Ola bunca emekler çektiğim

Eserimdir gözyaşlarım döktüğüm

Matba’aya verme zinhar eserim

Bilmez onlar kıymetini püserim.

Sanki eserlerinin geleceğini bilerek bu satırları kaleme almış.

Gerçekten şuan tarihimizin ve değerlerimizin kıymetini bilmiyoruz. Böyle büyük şair ve yazarlarımızın eserlerini okuyup anlamaya çalışmalıyız, dersler çıkarmalıyız. O kadar güzel şiirleri var ki Hüzni Baba’nın.

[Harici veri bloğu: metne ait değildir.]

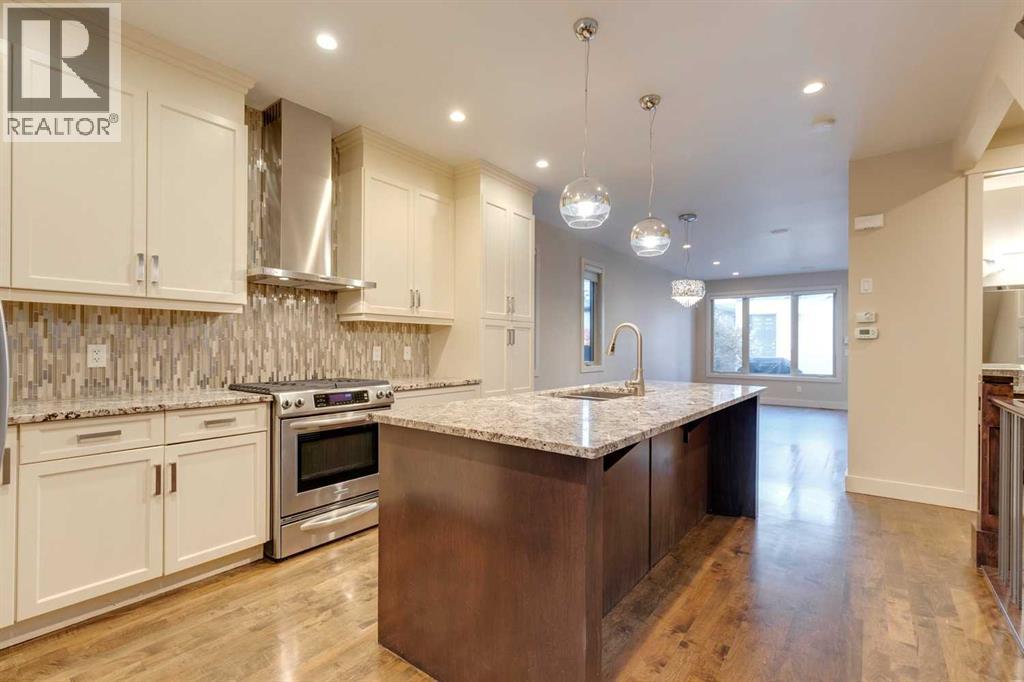 2413 36 Street Sw, Calgary, Alberta  T3E 2Z6 - Photo 9 - A2267002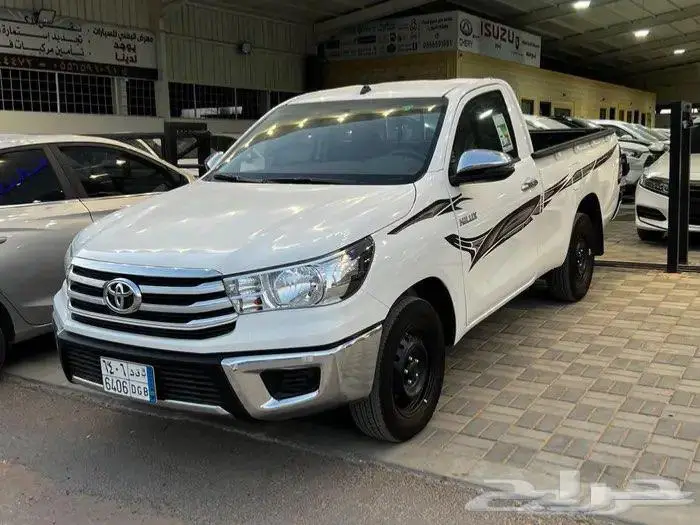 هايلوكس غماره بنزين 2025 0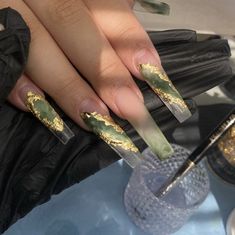 Money Green Nails Designs, Enchanted Forest Nails Green, 27th Birthday Nails, Green Gold Acrylic Nails, Acrilyc Nails Ideas French Tip, Army Green Acrylic Nails, Green French Tip With Gold, Green Acrilyc Nails, Green And Gold Acrylic Nails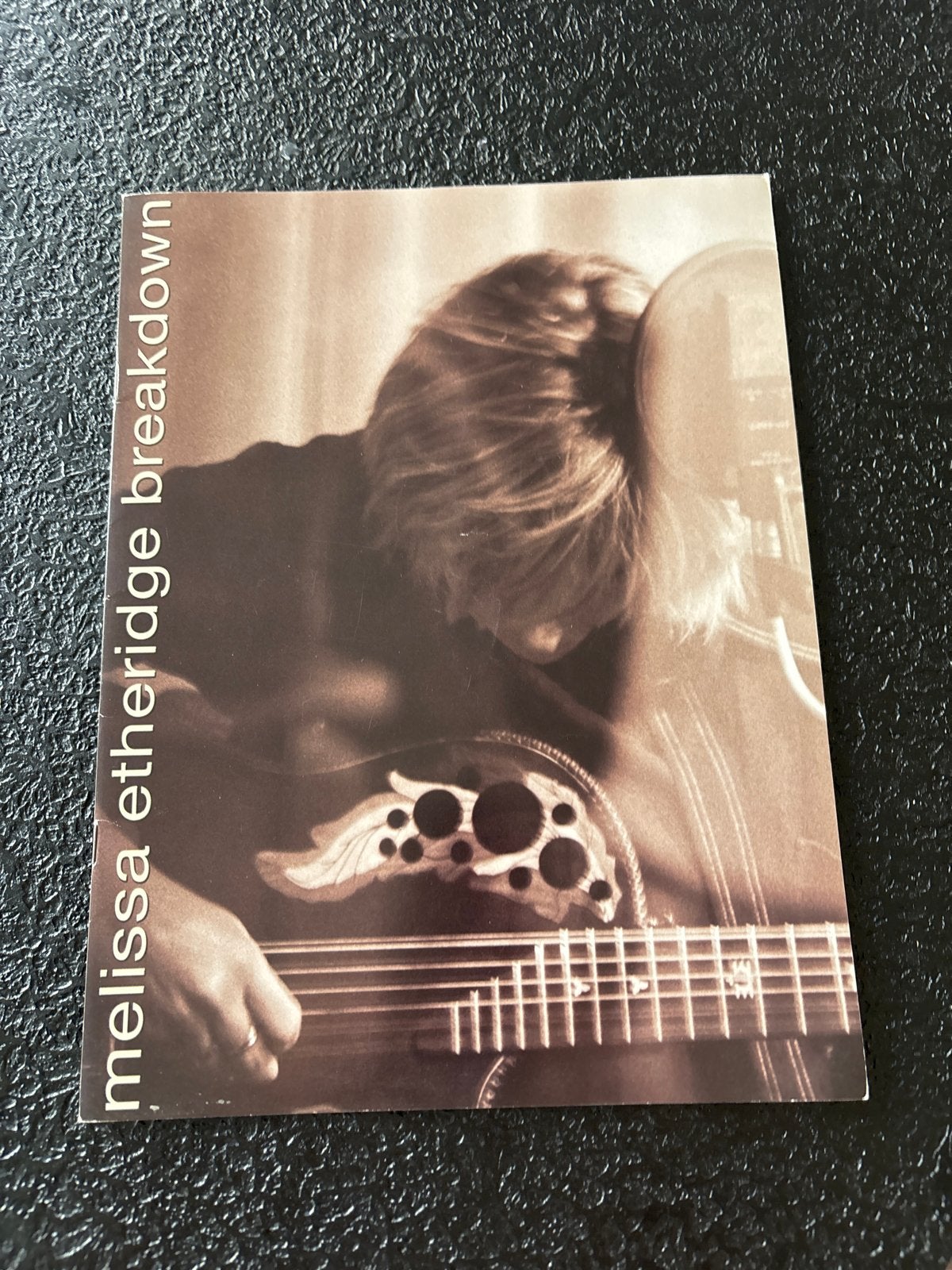 Concertboek Melissa Etheridge - Breakdown, Ophalen of Verzenden, Gelezen, Artiest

Satırlarıma son verirken Hüzni babanın mısraları ile veda etmek istiyorum.

Beka Mülke gider oldum

Yarenlere selam olsun

Dünyayı terk eder oldum

Kalanlara selam olsun

Eynime çekip bezimi

Aşağı çöküp dizimi

Çöküp yumup hem gözümü

Yumanlara selam olsun…

Lütfen Öcal hocanın yazdığı “Yozgatlı Hüzni divanlarından seçmeler” adlı kitabını alın ve şiirlerini sesli sesli okuyun, âleminizin değiştiğini göreceksiniz.